PROBLEM REQUIREMENTS: The line holding "Toy poodle puppies" is the last one to output; start at the first line of the data, keep every line in between exactly, and leave out pictures.

[Short text fragments from websites]
------------

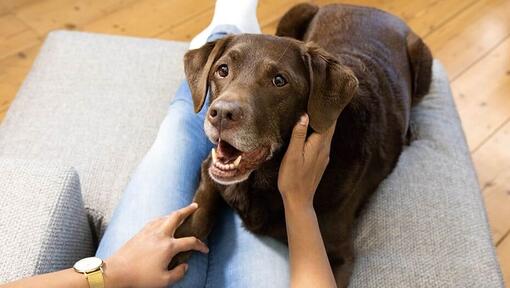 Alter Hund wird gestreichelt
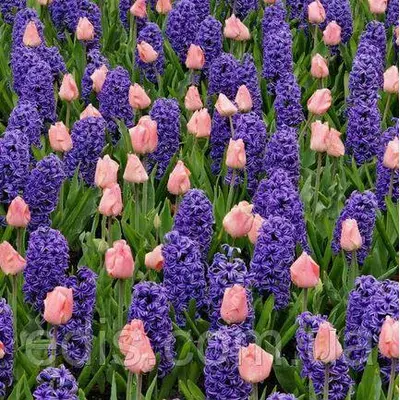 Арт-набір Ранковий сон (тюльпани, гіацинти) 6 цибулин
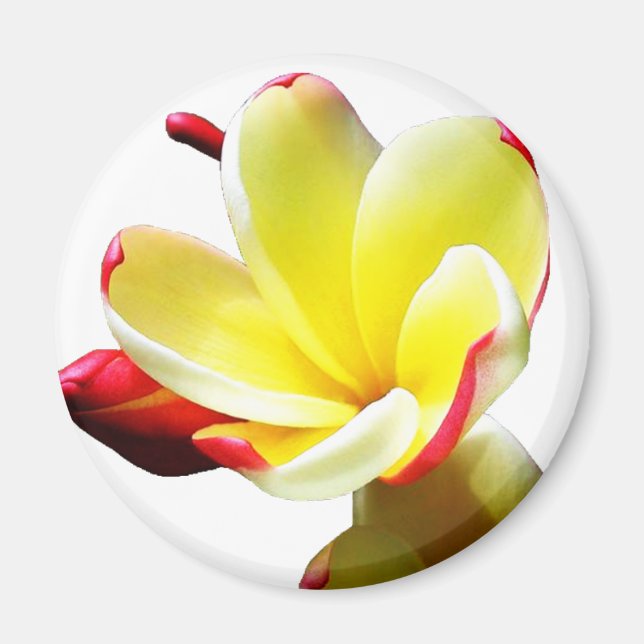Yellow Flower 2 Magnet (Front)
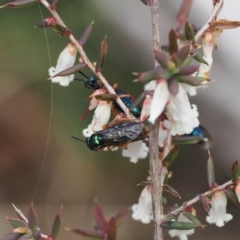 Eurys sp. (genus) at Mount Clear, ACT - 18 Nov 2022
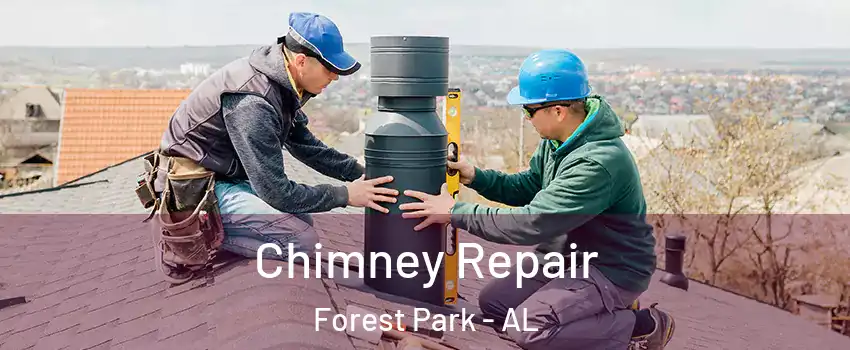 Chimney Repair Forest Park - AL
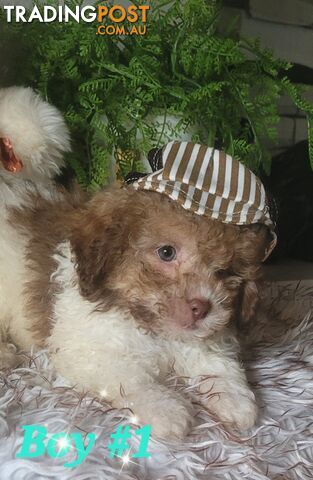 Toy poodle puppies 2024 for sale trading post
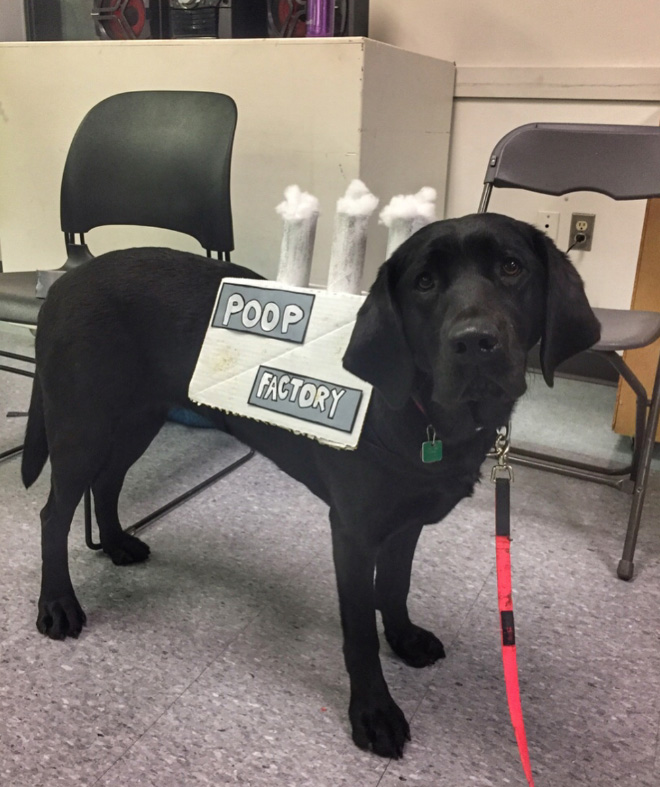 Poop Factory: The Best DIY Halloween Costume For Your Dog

------------

RESULT OF THIS EXERCISE:
 Alter Hund wird gestreichelt
 Арт-набір Ранковий сон (тюльпани, гіацинти) 6 цибулин
Yellow Flower 2 Magnet (Front)
 Eurys sp. (genus) at Mount Clear, ACT - 18 Nov 2022
 Chimney Repair Forest Park - AL
 Toy poodle puppies 2024 for sale trading post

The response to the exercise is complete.